■ WHAT NEEDS TO BE DONE
From the entries below, copy exactly the lines from the one that contains "Michael Kors MK6576 Montre" through the one that contains "Соединитель скамьи Track Loop Brown - фото 1", both included, and only those.

■ DATASET CONTENT
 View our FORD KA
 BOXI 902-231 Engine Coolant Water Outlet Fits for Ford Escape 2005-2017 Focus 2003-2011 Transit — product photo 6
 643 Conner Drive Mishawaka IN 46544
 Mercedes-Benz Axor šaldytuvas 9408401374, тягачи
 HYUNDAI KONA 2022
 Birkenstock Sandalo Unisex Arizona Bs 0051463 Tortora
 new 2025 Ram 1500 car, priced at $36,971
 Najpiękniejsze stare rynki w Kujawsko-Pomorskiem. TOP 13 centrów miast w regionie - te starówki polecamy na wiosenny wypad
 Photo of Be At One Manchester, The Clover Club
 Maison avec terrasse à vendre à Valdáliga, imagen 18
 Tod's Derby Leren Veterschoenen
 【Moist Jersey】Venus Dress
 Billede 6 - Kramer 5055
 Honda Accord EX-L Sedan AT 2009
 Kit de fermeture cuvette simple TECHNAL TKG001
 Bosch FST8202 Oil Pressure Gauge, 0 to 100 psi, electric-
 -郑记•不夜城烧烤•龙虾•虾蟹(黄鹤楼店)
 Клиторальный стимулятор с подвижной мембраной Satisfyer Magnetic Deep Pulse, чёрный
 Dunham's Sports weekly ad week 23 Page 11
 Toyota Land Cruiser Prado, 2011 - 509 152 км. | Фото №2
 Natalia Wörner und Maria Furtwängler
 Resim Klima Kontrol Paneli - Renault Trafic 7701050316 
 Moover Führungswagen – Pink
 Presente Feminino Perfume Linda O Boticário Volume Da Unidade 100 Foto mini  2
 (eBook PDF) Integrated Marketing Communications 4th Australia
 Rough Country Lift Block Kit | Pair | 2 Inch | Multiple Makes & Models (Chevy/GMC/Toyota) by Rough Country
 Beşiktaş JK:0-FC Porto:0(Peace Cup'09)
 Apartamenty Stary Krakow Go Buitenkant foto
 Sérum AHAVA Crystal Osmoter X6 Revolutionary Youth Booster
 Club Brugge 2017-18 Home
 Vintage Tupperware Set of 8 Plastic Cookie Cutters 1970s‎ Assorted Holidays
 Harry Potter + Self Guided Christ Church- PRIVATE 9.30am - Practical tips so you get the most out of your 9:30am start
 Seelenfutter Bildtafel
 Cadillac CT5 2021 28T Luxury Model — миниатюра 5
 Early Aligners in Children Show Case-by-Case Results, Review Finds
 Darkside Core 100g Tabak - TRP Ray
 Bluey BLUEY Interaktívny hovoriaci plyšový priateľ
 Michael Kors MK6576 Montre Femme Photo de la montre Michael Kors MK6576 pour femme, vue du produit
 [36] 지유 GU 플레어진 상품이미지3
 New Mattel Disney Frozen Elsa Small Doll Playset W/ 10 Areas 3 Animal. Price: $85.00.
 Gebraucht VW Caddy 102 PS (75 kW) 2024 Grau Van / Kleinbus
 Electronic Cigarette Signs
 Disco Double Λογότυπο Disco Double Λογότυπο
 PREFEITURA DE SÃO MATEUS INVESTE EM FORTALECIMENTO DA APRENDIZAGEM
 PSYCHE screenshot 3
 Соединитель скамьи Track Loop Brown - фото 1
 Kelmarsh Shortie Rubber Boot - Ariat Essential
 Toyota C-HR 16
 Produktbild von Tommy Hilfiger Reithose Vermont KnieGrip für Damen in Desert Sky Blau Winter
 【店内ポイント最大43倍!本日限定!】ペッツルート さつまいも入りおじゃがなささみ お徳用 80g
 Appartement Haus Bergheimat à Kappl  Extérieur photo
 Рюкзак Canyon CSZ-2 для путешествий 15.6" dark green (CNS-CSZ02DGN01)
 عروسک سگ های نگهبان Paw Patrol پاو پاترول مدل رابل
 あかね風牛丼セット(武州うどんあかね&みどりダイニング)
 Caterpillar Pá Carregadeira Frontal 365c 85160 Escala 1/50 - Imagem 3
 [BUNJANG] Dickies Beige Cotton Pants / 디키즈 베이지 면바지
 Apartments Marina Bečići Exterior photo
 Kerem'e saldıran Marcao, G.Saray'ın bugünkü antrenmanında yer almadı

■ TASK RESPONSE
 Michael Kors MK6576 Montre Femme Photo de la montre Michael Kors MK6576 pour femme, vue du produit
 [36] 지유 GU 플레어진 상품이미지3
 New Mattel Disney Frozen Elsa Small Doll Playset W/ 10 Areas 3 Animal. Price: $85.00.
 Gebraucht VW Caddy 102 PS (75 kW) 2024 Grau Van / Kleinbus
 Electronic Cigarette Signs
 Disco Double Λογότυπο Disco Double Λογότυπο
 PREFEITURA DE SÃO MATEUS INVESTE EM FORTALECIMENTO DA APRENDIZAGEM
 PSYCHE screenshot 3
 Соединитель скамьи Track Loop Brown - фото 1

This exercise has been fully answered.